Eitan decides nothing would be gained by reporting the accident, whereas much could be lost. His career could easily come to an end. So he simply drives home. The next day, Liat is assigned to investigate the hit-and-run killing of Asum.

Once Eitan refrains from reporting his late-night accident, he spirals into a series of lies that are likely to jeopardize his work and his marriage. “The lie, like a wool sweater that was itchy at first, had become something he was accustomed to wearing. Felt comfortable in.” Lying becomes a central concern of the novel. Gundar-Goshen writes that it can be done by people who appear to be good and loving.

“People are definitely capable of singing charming songs to their children and telling terrible lies to other people, and sometimes to the children themselves.” Eitan appears to be drowning in a mess of his own making. “Telling a story that differs from reality is quite tiring…. You have to invent details, synchronize facts, fill holes. You never understand how complex reality is until you try to create a replacement for it.”

As the novel progresses, Eitan learns he is not the only one who has created an illusion. And he is not the only one with a “periphery complex.”

His wife was born to a Sephardic family in a development town (classic markers of the peripheriah.) Little by little, the problems she had to overcome to become a successful part of the Israeli mainstream are revealed.

Almost all of the other significant characters in the novel are either illegal Eritrean refugees living near Be’er Sheva, or Bedouin Arabs. Both of these groups are much farther from the centre of Israeli society than Eitan and Liat. The Eritreans, in particular, live a precarious existence, often exploited by unscrupulous employers and others due to their illegal status.

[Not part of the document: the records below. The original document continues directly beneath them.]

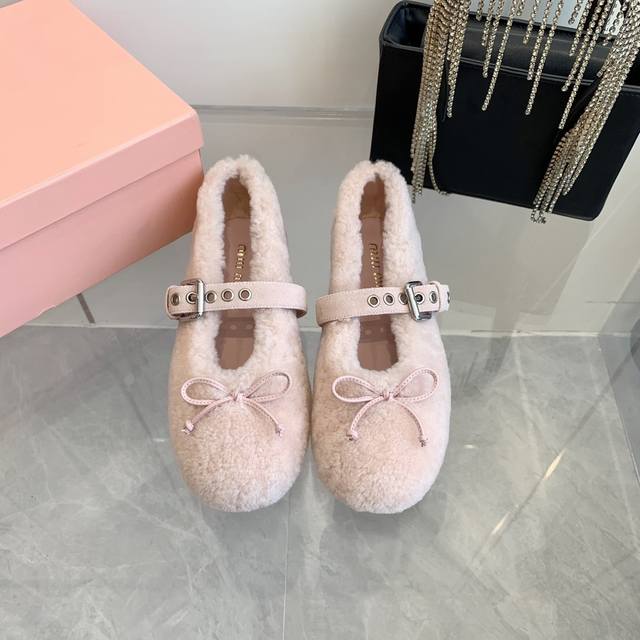 Miumiu缪缪乐福鞋 秋冬新款棉鞋毛毛单鞋来自Miu Miu系列的细节特写 新季的潮流要素 与此刻挚爱的概念，多元对撞，传达现代风格~ 怎么穿都好看今夏时髦精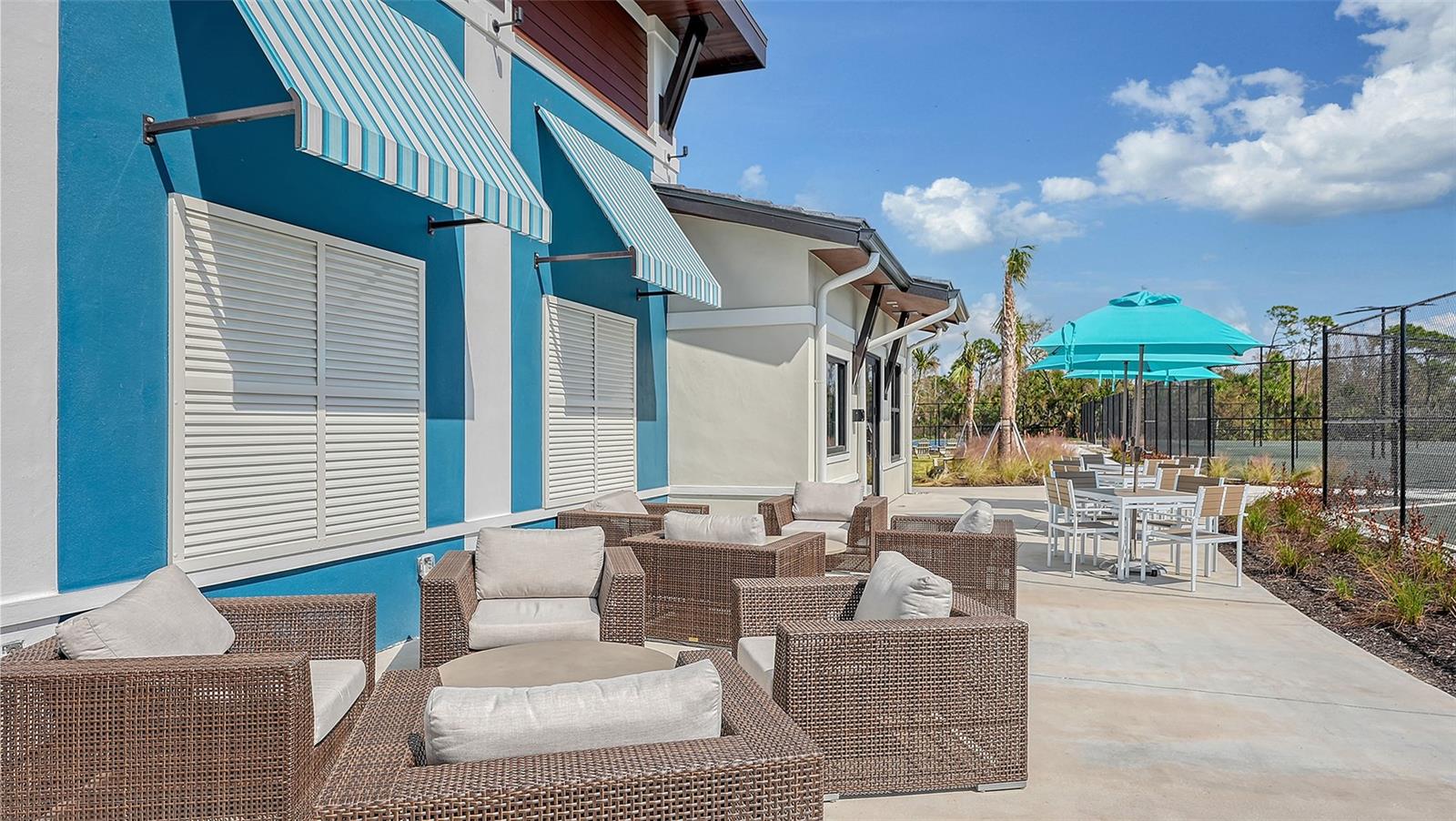 WELLEN PARK GOLF & COUNTRY CLUB - Residential Lease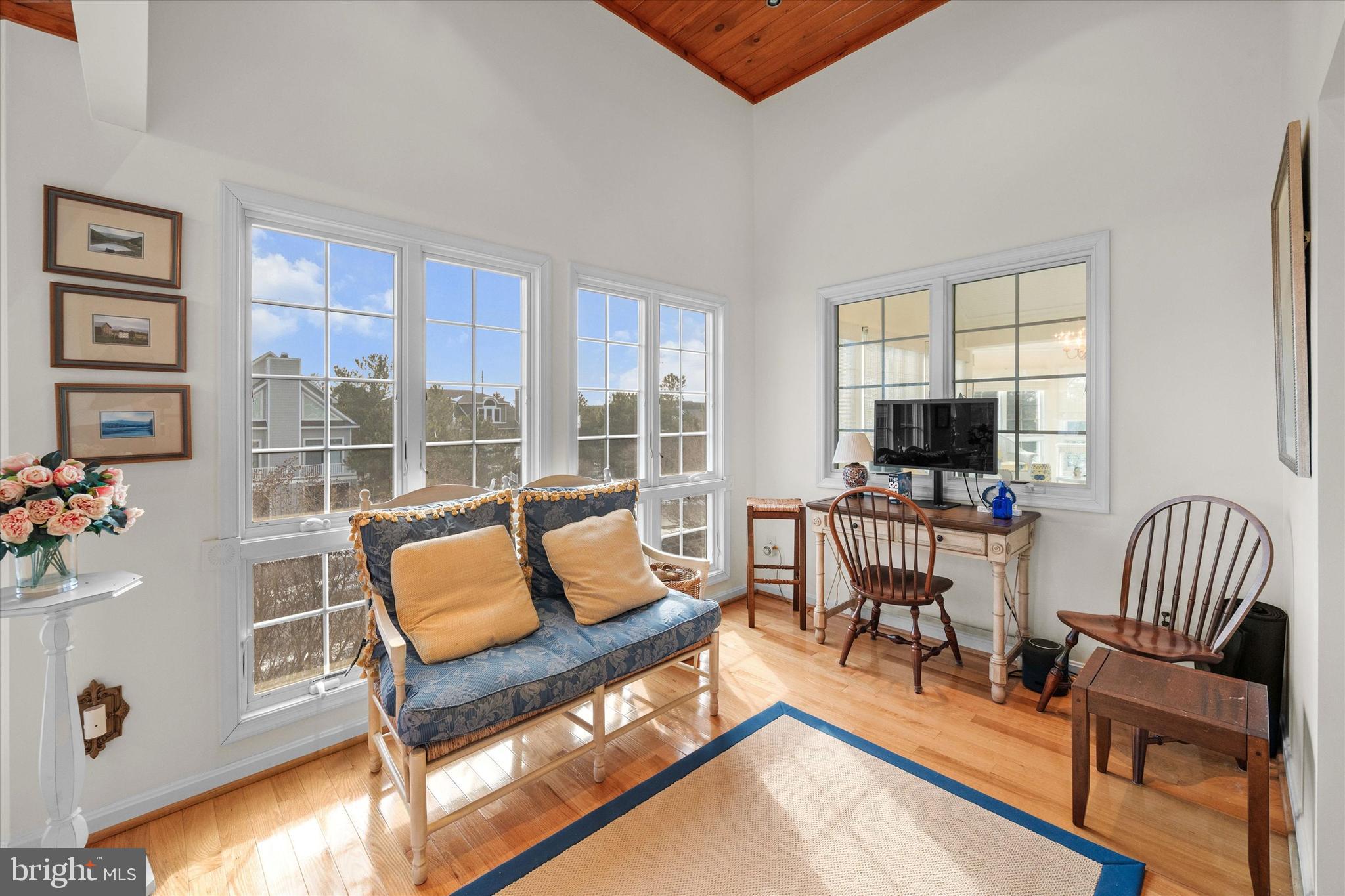 BREAKWATER BEACH - Residential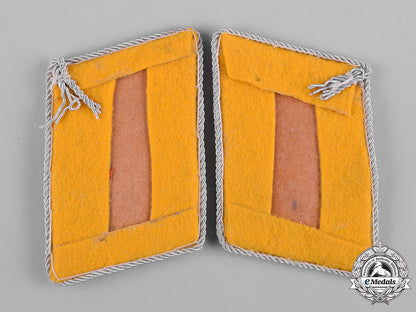 germany,_luftwaffe._a_pair_of_flight_lieutenant_rank_shoulder_boards&_collar_tabs_c19-580_2_1
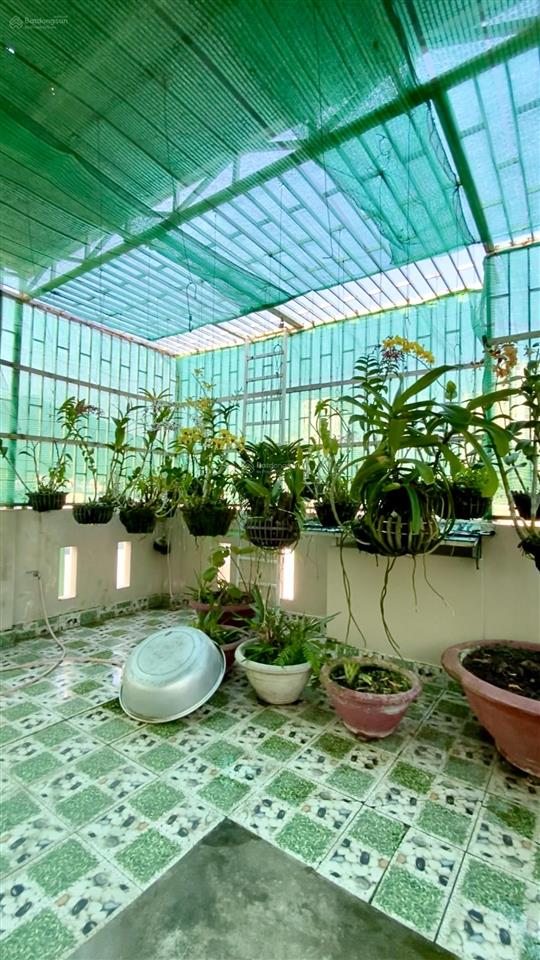 Nhà 3 tầng 2 mặt đường hẻm phạm văn đồng  tầng 3 view thấy biển, ôtô đậu cửa  xây kiên cố thoáng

Eitan acquires a deeper understanding of these truly peripheral people as the novel progresses. Not everything about them is positive, but on the most basic level, he learns to think beyond what he was taught in medical school, that from a physical point of view, all human beings are basically the same. Is this also true of people’s emotional lives?

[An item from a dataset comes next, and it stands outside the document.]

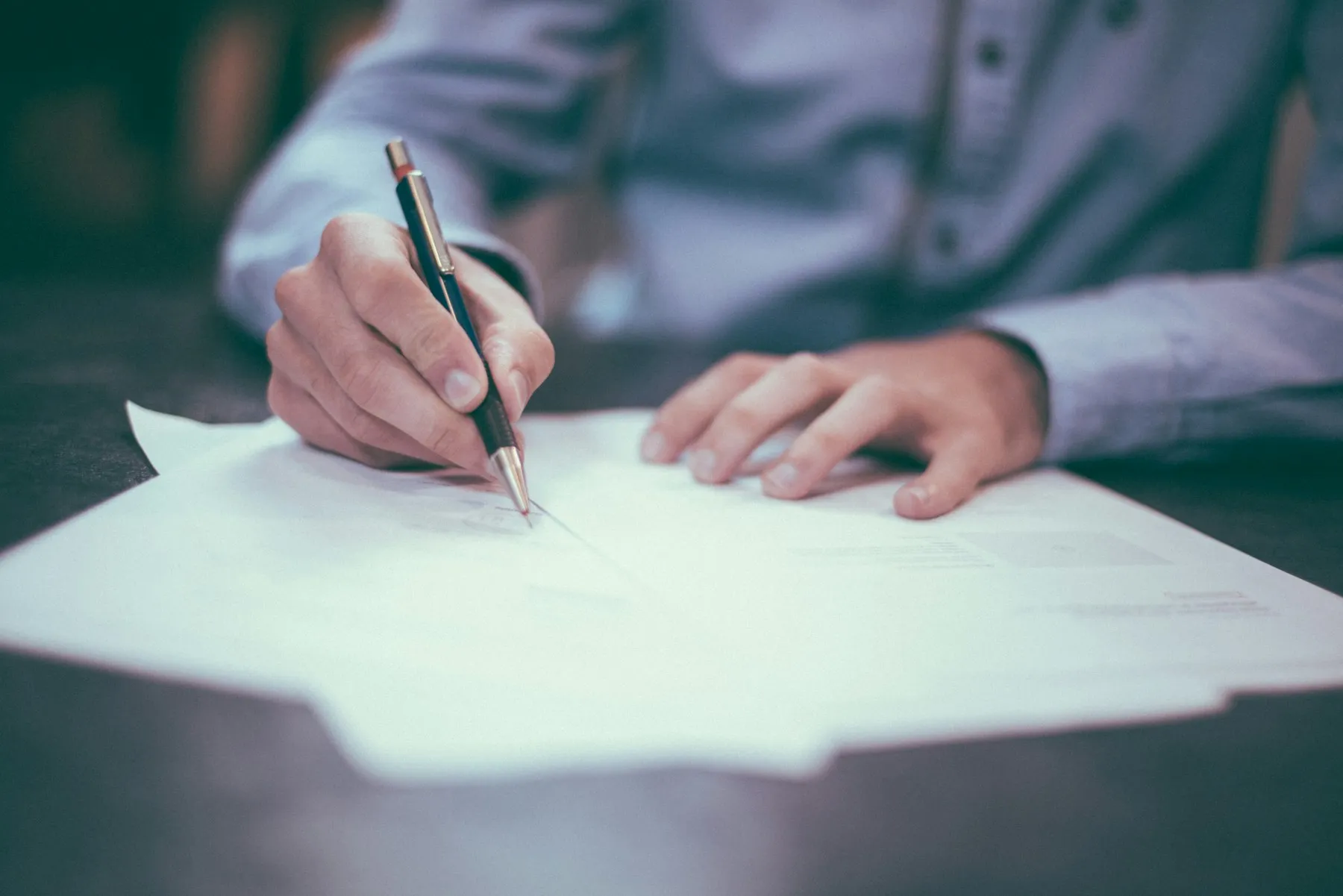 Documenten worden ondertekend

“One person’s affront or jealousy was not identical to another’s. This one’s jealousy was inflamed, and that one’s was mild. Here the affront was benign, there malignant.” Still, he discovers that “despite changes in shape and size,” emotionally, “their internal organs were the same: jealousy, greed, desire, affection, guilt, anger, affront.”

Gundar-Goshen is a gifted writer, and the English translation of Waking Lions, her second novel, reads well. (Her debut novel, One Night, Markovitch, was also recently translated into English.)  Gundar-Goshen opens a window on life in Israel and demonstrates that, despite the creation of the State, the problem of the peripheriah persists. More importantly, her novel provides deep insights into human psychology and behaviour, insights that transcend questions of gender, nationality or social status.